◆ **TASK TO COMPLETE**:
Leave the images out and repeat the data exactly as given.

[Short web captions]
"""
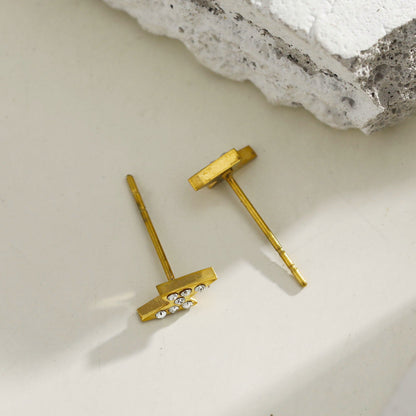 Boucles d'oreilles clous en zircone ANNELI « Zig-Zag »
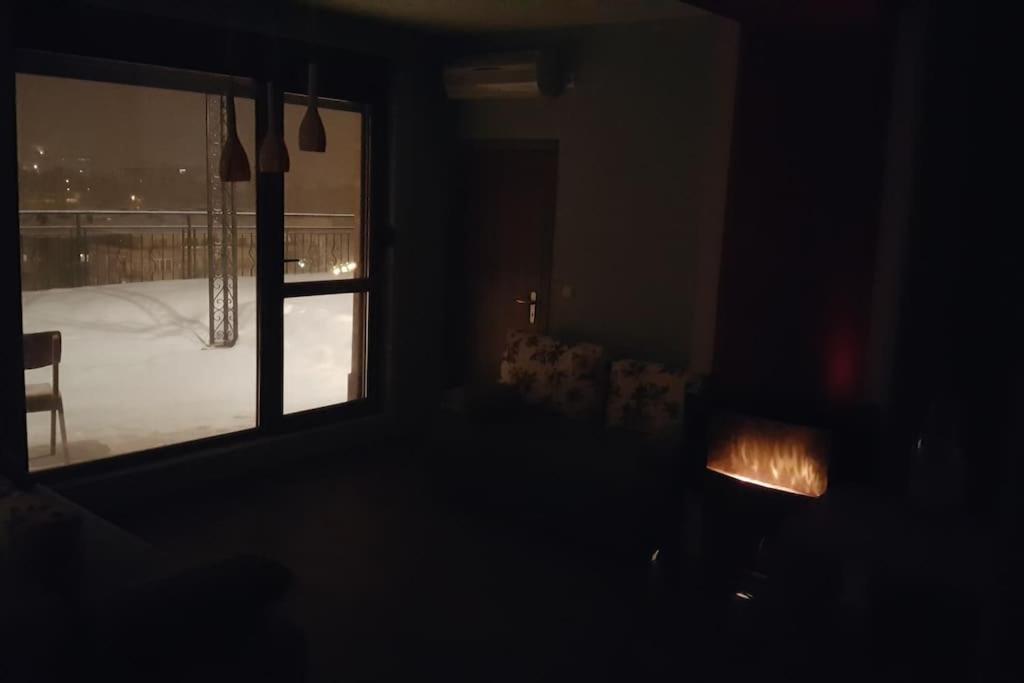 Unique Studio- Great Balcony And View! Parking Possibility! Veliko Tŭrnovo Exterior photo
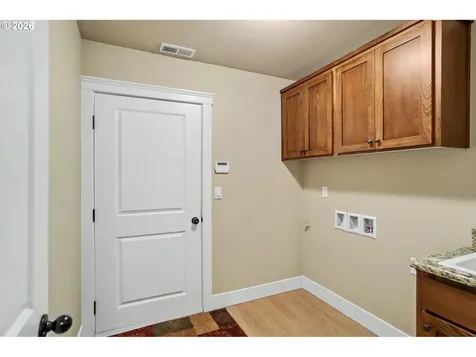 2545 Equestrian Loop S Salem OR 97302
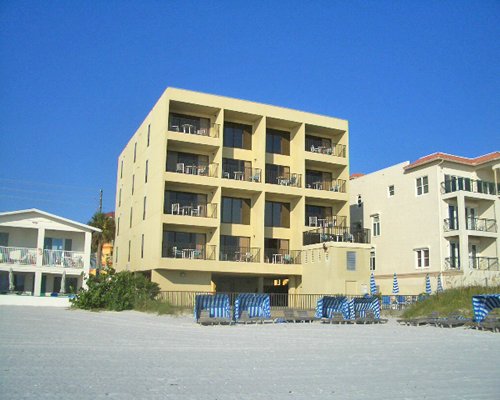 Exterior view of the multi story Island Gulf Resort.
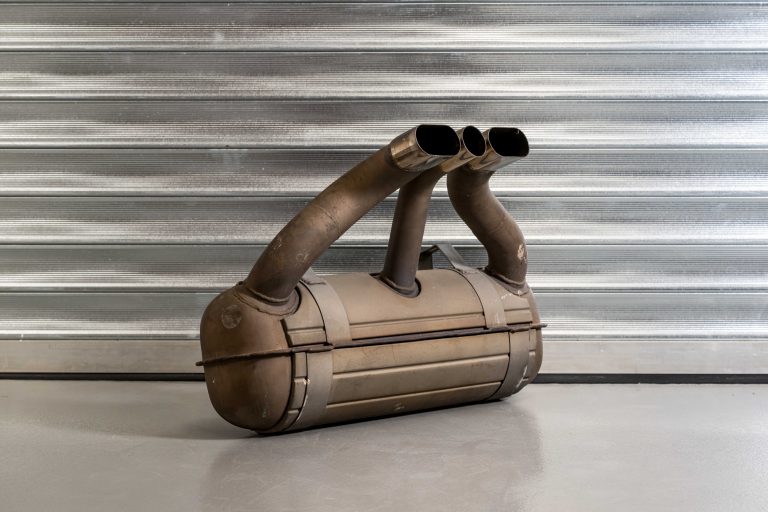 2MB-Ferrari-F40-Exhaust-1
"""
◆ **WRITTEN RESPONSE**:
 Boucles d'oreilles clous en zircone ANNELI « Zig-Zag »
 Unique Studio- Great Balcony And View! Parking Possibility! Veliko Tŭrnovo Exterior photo
 2545 Equestrian Loop S Salem OR 97302
 Exterior view of the multi story Island Gulf Resort.
 2MB-Ferrari-F40-Exhaust-1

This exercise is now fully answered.